Tout en affirmant le caractère unitaire de l'Etat, elle admet parallèlement que les collectivités peuvent exister indépendamment de ce dernier en s'administrant librement.

En consacrant le principe de la libre administration et en renvoyant à la loi ordinaire le soin d'en définir le contenu, la Constitution tente d'opérer une synthèse entre deux principes.

La souveraineté nationale appartient au peuple dans son ensemble, qui l'exerce par ses représentants et par la voie du référendum. Il revient donc à la représentation nationale et -sauf recours au référendum dans les cas prévus par la Constitution- à elle seule , de fixer les règles applicables sur tout le territoire national.

L'article 34 de la Constitution exprime cette exigence en affirmant la compétence du législateur pour déterminer les principes fondamentaux de la libre administration des collectivités territoriales, de leurs compétences et de leurs ressources.

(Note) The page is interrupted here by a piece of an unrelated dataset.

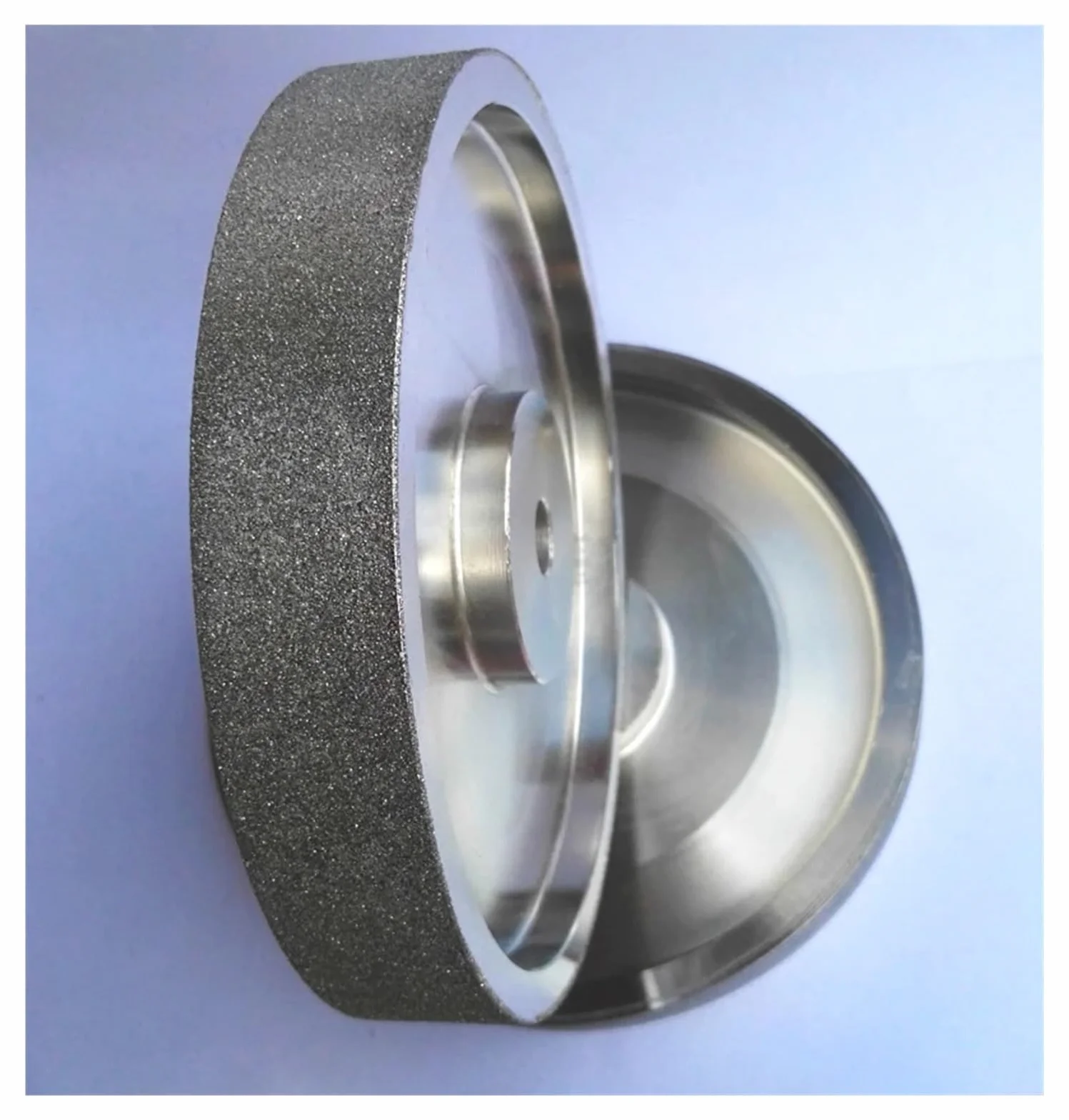 Ściernica diamentowa Średnica szlifierki płaskiej 6 cali 150 mm x 25 x 12,7 mm Do polerowania metalu i kamienia o ziarnistości 80/180/240/600/800/1000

De même, c'est au législateur qu'il revient de fixer les règles concernant l'assiette , le taux et les modalités de recouvrement des impositions de toute nature.

Mais tout en veillant à ne pas remettre en cause les principes d'unité et d'invisibilité de la République, il revient également au législateur de permettre un exercice effectif de la libre administration.

Or cette simple règle de procédure ne pouvant s'appuyer sur un " socle " constitutionnel qui définirait le contenu de la libre administration, n'a pas permis, à l'expérience, de garantir les collectivités territoriales contre les mises en cause de leur autonomie fiscale et financière.